Monday, March 21, 2011

Aveeno Baby Lotion Tattoo

336. Chaos and classic art in France, Italy, Germany and Spain, 1918-1936


Aristide Maillol

Île-de-France

1925 Philadelphia Museum of Art, Philadelphia, gift of R. Sturgis and Marion BF Ingersoll, 1957. © 2010 Artists Rights Society (ARS), New York / ADAGP, Paris



Feliu Elias

Gallery

1928

MNAC-Museu Nacional d'Art de Catalunya, Barcelona, \u200b\u200bpurchase from the Barcelona International Exhibition, 1929, entry, 1931


Fernand Léger

Woman holding a vase (final state)

[Femme tenant a vase (état définitif)]

1927 Solomon R.

Guggenheim Museum, New York 58.1508, © 2010 Artists Rights Society (ARS), New York / ADAGP, Paris © The Solomon R. Guggenheim Foundation, New York


Guggenheim Bilbao
February 22, 2011 to May 15, 2011


After the chaos that followed the First World War there arose a movement towards the figurative, the clean lines and defined shape that deviates from the two-dimensional spaces of abstraction, the compositions and fragmented own disintegrating bodies of Cubism, Futurism, Expressionism and other art movements of the early twentieth century. In response to the horrors of war was typical of the new machine, the artists sought the recovery of the human body and its representation complete and intact. During the next decade and a half, the discourse of contemporary art would be dominated by classicism: a return order, synthesis, to the rule and enduring values, instead of innovation at any price that had been so important in the years before the war.


Chaos and classic art in France, Italy, Germany and Spain, 1918-1936 takes a tour of the interwar period, from the mythical idea of \u200b\u200bavant-garde poetry Paris to the historical and political concept of a renewed Roman Empire imagined by Benito Mussolini, to the high modernism of the Bauhaus Neoplatonic, and finally to the staggering beauty of the emerging culture Nazi. The exhibition relates the major movements that proclaimed the visual and thematic clarity, the purist approach, the Italian Novecento and the Neue Sachlichkeit (New Objectivity) through various topics very unique and interconnected.

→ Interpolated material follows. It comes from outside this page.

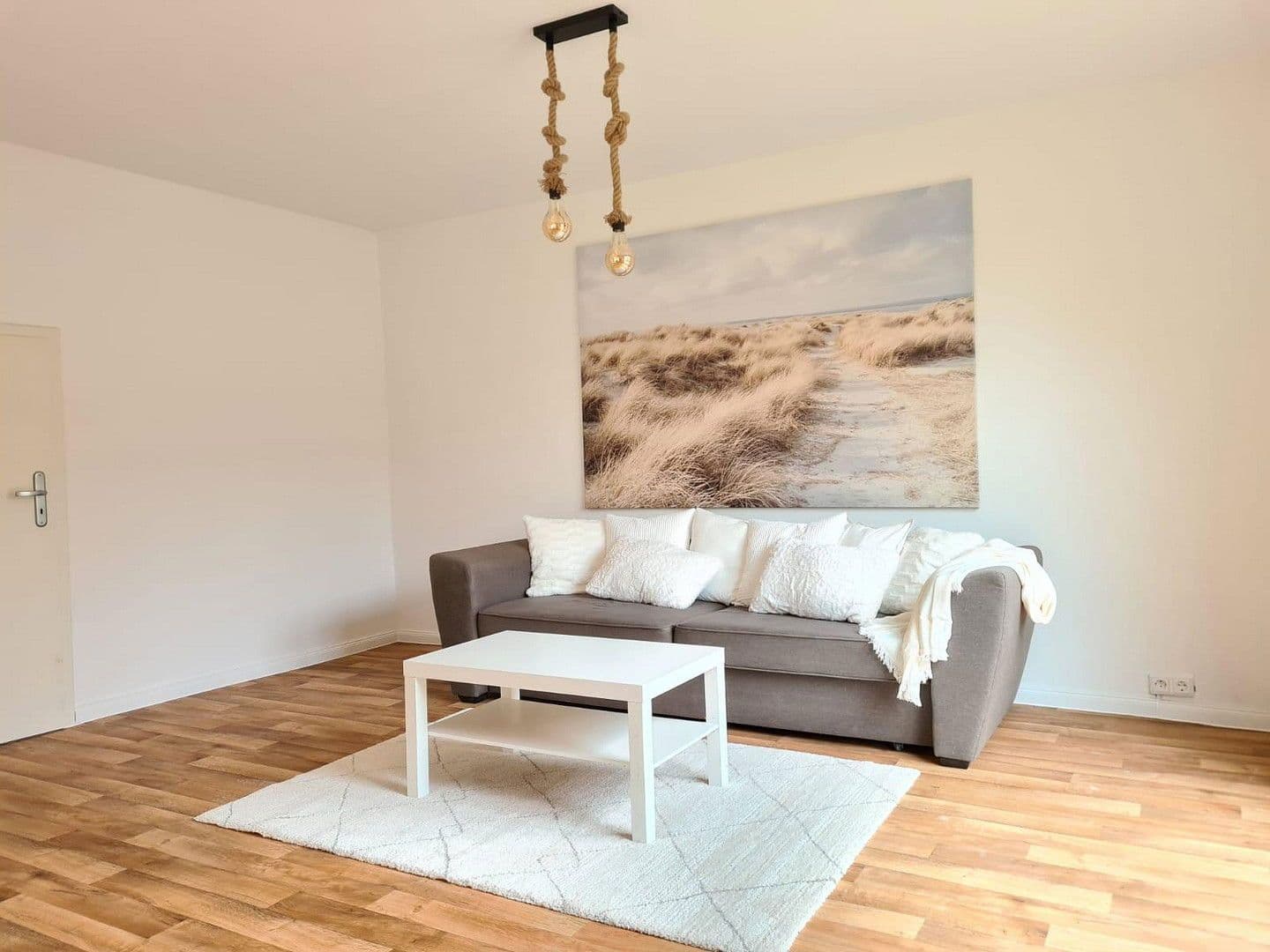 Prenájom bytu 5-izbový 185 m², Scharbeutz, Šlezvicko-Holštajnsko Prenájom bytu 5-izbový 185 m², Scharbeutz, Šlezvicko-Holštajnsko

The presentation at the Guggenheim Museum Bilbao includes significant examples of English art that took this back to classicism. Although Spain remained neutral during the First World War, was no stranger to political changes that led to war. In 1931 came the fall of the English monarchy and five years later would explode the Civil War.

The Great Transformation the aesthetics of wars in Western Europe came to painting, sculpture, photography, film, fashion and decorative arts, so the exhibition presents works by Balthus, Giorgio de Chirico, Jean Cocteau, Otto Dix, Pablo Gargallo, Hannah Höch, Fernand Leger, Henri Matisse, Ludwig Mies van der Rohe, Pablo Picasso and August Sander.